People are now actually spending more time on their phones than they are on their computers, and if you want to reach your customers, you have to be where they are. My company, Event Tickets Center, needs to be at a potential customer’s fingertips at their moment of inspiration—when they’re walking by a venue and remember the show they want to see, or when they’re out with friends and making plans to go to a game together.

This is why so many companies have implemented or are developing mobile-first strategies to guide their entire business. Google and Facebook are just two examples of companies that have gone the mobile-first route. If industry giants like these are recognizing the shift in usage patterns and adjusting their business models accordingly, it’s a pretty good indication that you should be considering the same for your company.

I believe that any advice you’re getting today that doesn’t include mobile-first as a strategy is misguided. If you want to maximize your reach, you have to have a responsive website—one that’s fast, intuitive and adaptable to mobile devices. When customers want to use your service, you have to make sure you’re escorting them right in with a site that’s meeting their needs—especially when they’re on their smartphones.

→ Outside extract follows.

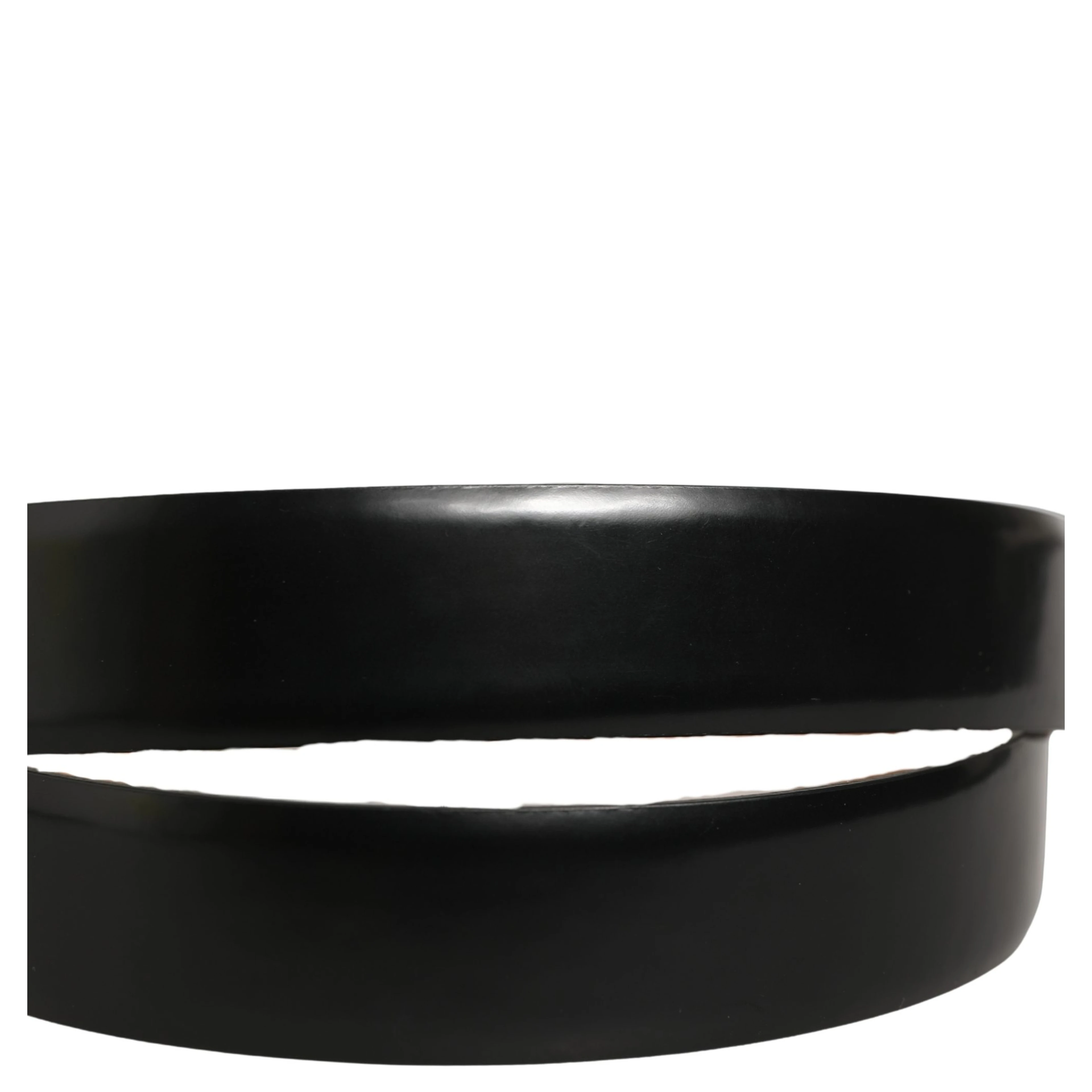 Black Calf Leather Silver Metal Buckle Belt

Related to this, you need to have a strong checkout system in place, and it has to be a process that mobile users can navigate easily so they don’t decide, “I’ll just wait until I get home,” and potentially never complete the transaction. You’ve got to convert your mobile users. If you don’t have the right checkout system, it’s something you should invest in.

Those are some of the basics, the essentials for success in mobile retail. Here are the highlights of how we’ve tackled responsiveness at Event Tickets Center.

1. We rebuilt our whole infrastructure as mobile-first.

That allowed us to really address the advertising side, which was always the area we were trying to modify to fit mobile needs. With new infrastructure, we made the commitment to building the right advertising platform to focus primarily on reaching mobile users.

2. We then developed advertising tools so we could bid on mobile-only on its own merits.

This started with figuring out how to effectively segment desktop from mobile, so we’re now able to bid on, manage and optimize mobile separately. And now we’re strictly managing desktop as a separate entity, as that channel is still very competitive and not converting at the rate it used to.

3. We greatly increased the speed of our pages.

Page load speeds are a huge part of keeping people on your site and converting, and having a responsive site means you can deliver all of the site’s information and features in the fastest possible way. To make sure we were giving our customers the absolute best experience, we combed through every element of the site with a specific focus on getting page load times down. I’m proud to say we now have what is arguably the fastest responsive site in the industry.

4. To improve our reach, we are constantly enhancing our search terms.

We have employees who dig for keywords and negative keywords across 30 accounts, and we have millions of keywords and close to 100,000 targeted ad groups. Rather than using services provided by Google or Bing, we have built our own tools to automate the process and make it more streamlined, and we can push data right to the campaign level or shared group level.

Transforming your business to meet the needs of your customers is always a learning process, and we are still learning a lot as we continue to enhance our mobile-first capabilities. But if you’ve recognized the critical need for mobile responsiveness, you’ve taken the first step.

The influence of mobile is only going to continue to grow. If you can determine where your business needs to change, you’ll position yourself to be where your customers are and provide the instant accessibility they expect.

Adam Young got the idea to launch Event Tickets Center in 2005 while at a Dave Mathews concert. With a $100 initial investment, Young and a friend embarked on a mission to build an online ticket selling business. 12 years later, Event Tickets Center has served more than 1 million customers and today handles nine-figure annual sales revenue.